A cold pitched roof is one where the loft area is not a habitable space. Insulation, usually a flexible material that can be rolled out, is installed between and over the ceiling joists forming the ‘floor’ of the loft space. The loft is colder than the internal temperature of the building below and suitable only as limited storage space.
By contrast, a warm pitched roof sees the thermal insulation, usually in the form of a rigid board product, installed along the line of the sloping rafters. The loft is a heated space within the thermal envelope of the building, used as a habitable room.
Ventilation of a pitched roof has to occur on the cold (i.e. external) side of any thermal insulation, otherwise the air movement will simply remove warm heated air from the building and increase energy use and bills.
How do cold and warm roofs change pitched roof system specification?
In a cold roof, the open loft space provides greater opportunity for air movement and effective ventilation. It may even be possible to rely on eaves ventilation alone, without ridge ventilation.

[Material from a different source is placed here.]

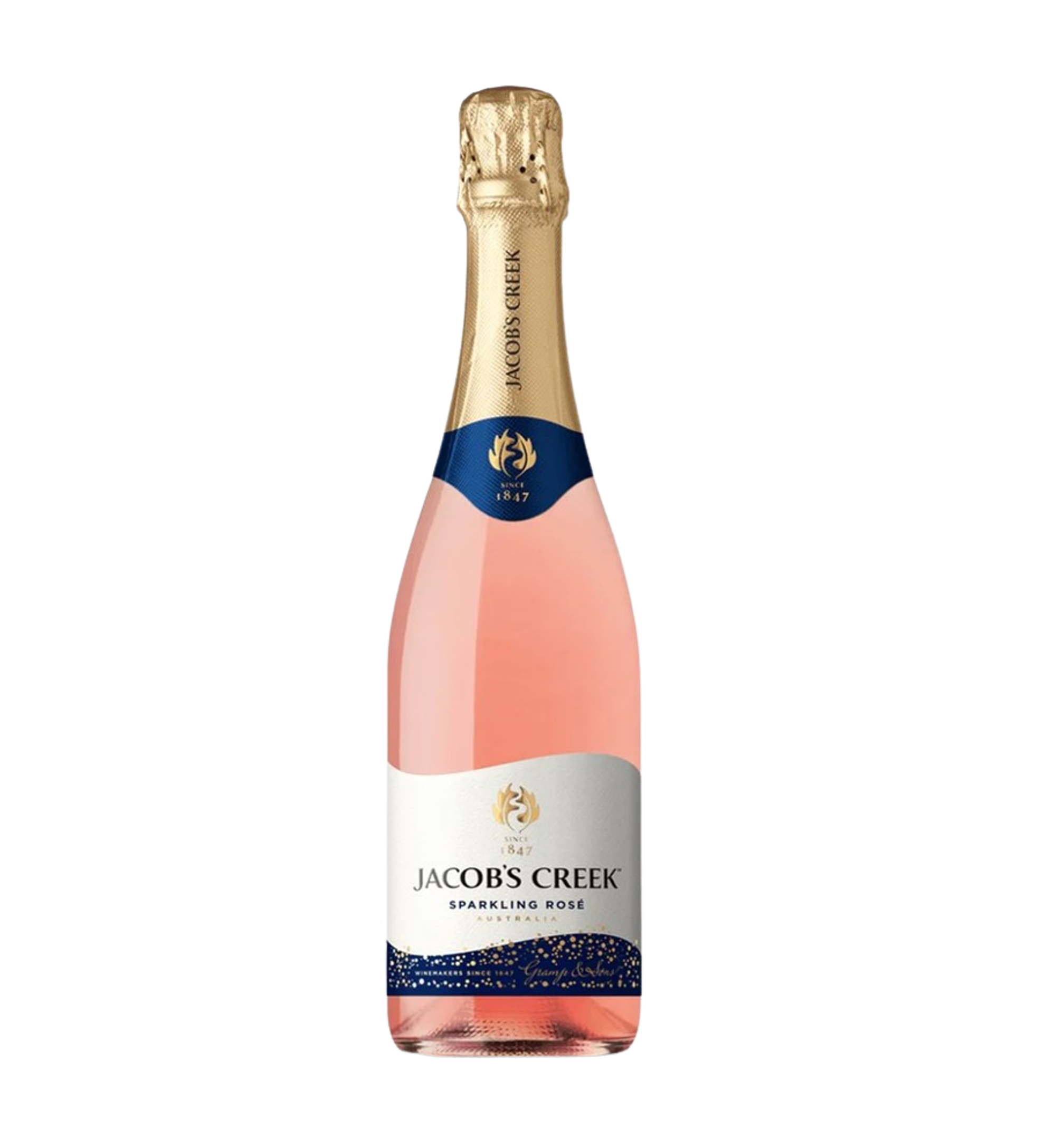 Jacob's Creek Wine, Sparkling - Rosé (ເຈຄອັບສ ກຣີກ ວາຍ, ສະປັກກິງ - ໂຣເຊ)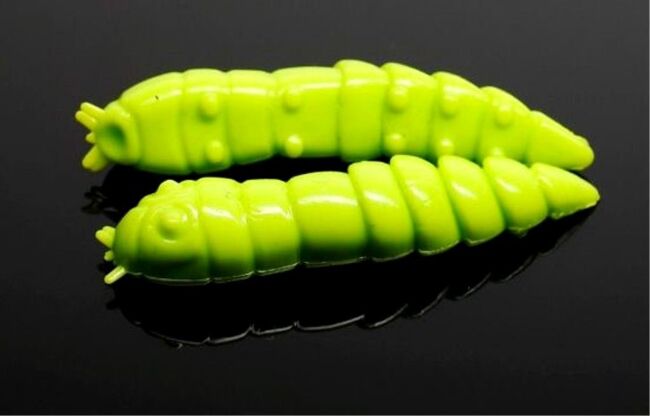 Приманка LIBRA LURES Kukolka 42 # 027 Green Apple 42мм Сыр 10шт/уп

Using the same logic, a warm roof with insulation between the rafters provides a more limited scope for achieving effective air movement. It relies on the depth of rafter that remains available above the insulation and will likely necessitate ventilation provision at both eaves and ridge.

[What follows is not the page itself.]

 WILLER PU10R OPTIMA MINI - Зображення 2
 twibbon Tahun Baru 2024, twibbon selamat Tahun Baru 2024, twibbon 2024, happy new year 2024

The range of available underlays has changed to reflect developments in product design and manufacture. Alongside traditional ‘non-breathable’ underlays, membranes have been developed to be vapour permeable, and also air permeable. As well as controlling moisture levels and reducing condensation risk (vapour permeable), an air and vapour permeable underlay can provide supplementary ventilation to that at the eaves and ridge.
In some circumstances, such as a warm roof with a well-sealed ceiling and suitable air and vapour control layer, the underlay may be able to provide the ventilation provision alone. Advice should be sought from the manufacturer, based on product testing and third-party certification - which highlights the benefit of working with a supplier of a complete pitched roof system, who can ensure the whole specification is designed for the specific project requirements.
Marley provide a comprehensive pitched roof system specification service, and is the only UK manufacturer to produce all of its own system components and test them in-house to establish their performance. To find out more, contact us, request free product samples, or find your nearest stockist from our nationwide supplier network.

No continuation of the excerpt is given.